O’Connor also said that getting contractors up to speed with all the various mini-split systems available continues to be a challenge.

“To overcome this, Samsung offers local training at the distributor and dealer level,” O’Connor said.

Robb identified the growing labor shortage as a challenge facing the industry.

“There is a shortage of trained personnel, and, as more consumers become aware of the benefits of split-ductless systems and choose them for their homes, it has become increasingly difficult for HVAC contractors to keep up with demand,” she said.

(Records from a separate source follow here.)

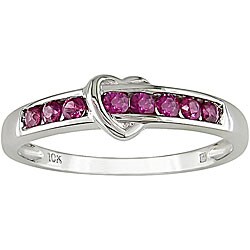 10k White Gold Ruby Heart Ring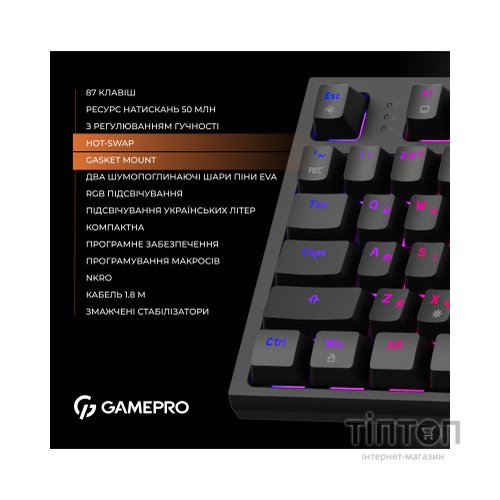 Клавіатура GamePro MK180B Hot-Swap Red Swich RGB USB UA Black (MK180B)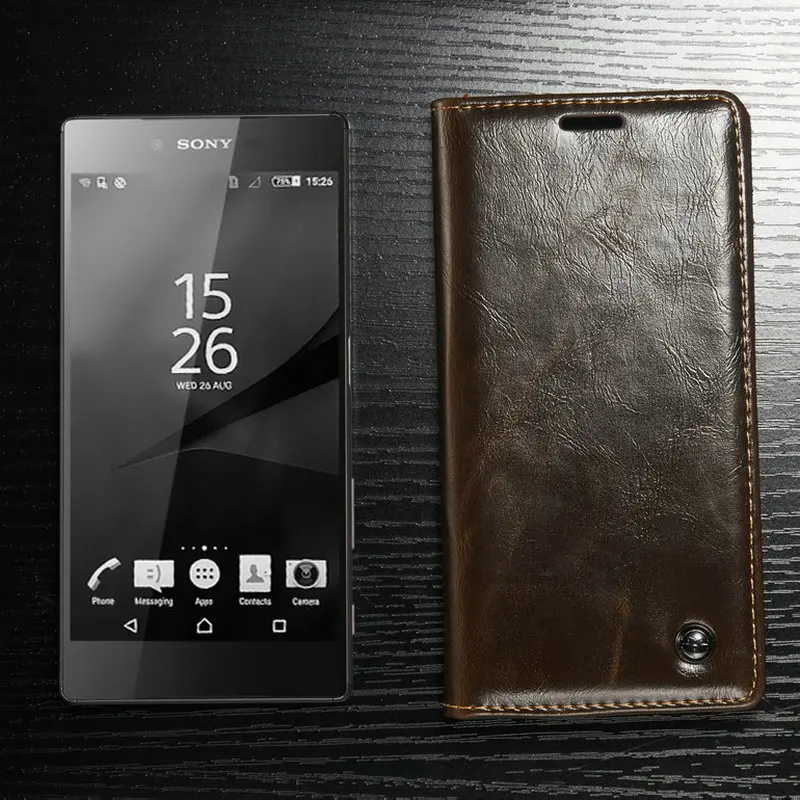 Чехол Me для телефона, чехол s для sony Z3 Z4 Z5, роскошный кожаный чехол в стиле ретро с откидной крышкой и отделением для карт, чехол-кошелек для sony Z3 Z4 Z5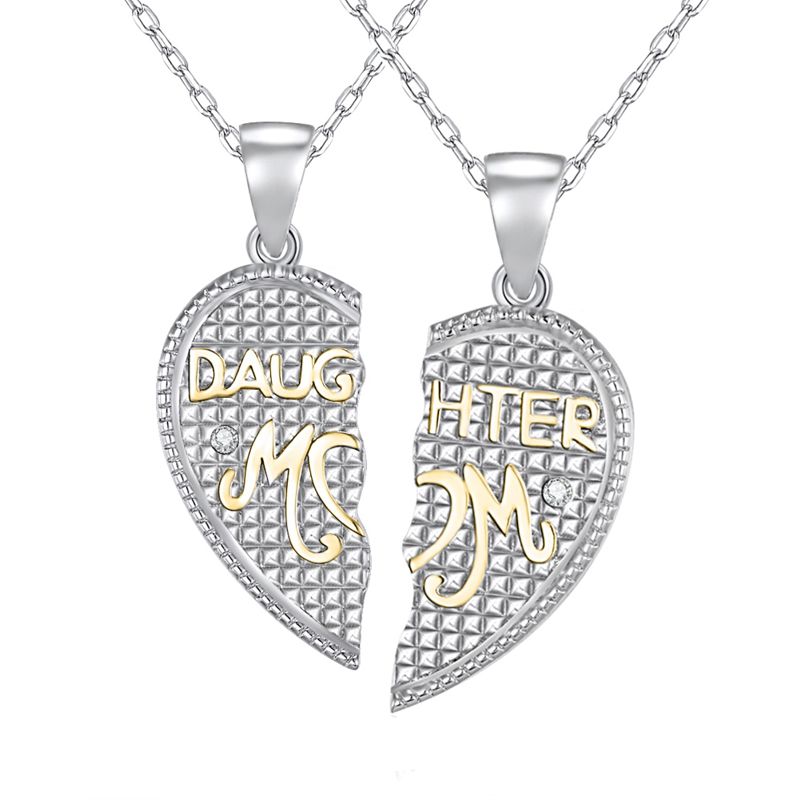 Daughter and Mom Heart Pendant - "break apart" Two Necklaces - Click Image to Close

One of the ways METUS is addressing the challenges of both skepticism from consumers and a lack of qualified HVAC technicians is by providing advanced training opportunities to HVAC contractors, who, in turn, can educate their customers,” Robb noted. “When contractors are confident in the systems they sell, install, and service, that confidence often rubs off on consumers, who trust that they’re being offered the right systems for their needs.”

According to Flynn, one of the challenges air-source heat pump manufacturers are facing in North America is what will be the next refrigerant.

“Currently, in North America, R-410A, which is a hydrofluorocarbon, is being used,” he said. “In Europe, they’ve moved away from hydrofluorocarbons and now use R-32. In North America, we have not switched over to R-32. One of the reasons is because it’s a mildly flammable gas, and we don’t have regulations for testing mildly flammable gases used in air-source heat pumps, although this is being addressed by UL and others.

“In a closed system, for example, if you buy a window air conditioner and put it in then take it out, the installer never actually measures the gas in or out of it,” he added.

Air-source heat pump systems can be either single- or multi-zone. They consist of an outside condenser and an inside evaporator, which requires a certified technician to clear the lines — perhaps add some gas or remove some gas — so it’s called an open system.

“When you have an open system device, there’s some concern of flammability and what sort of spark could set off that gas, things like that,” Flynn said. “So there are some issues with what the next refrigerant is going to be.

“R-32 is an available gas with lower global warming potential than R-410A, but again, it’s mildly flammable,” he continued. “So refrigerants are definitely one of our challenges for next generation air-source heat pumps.”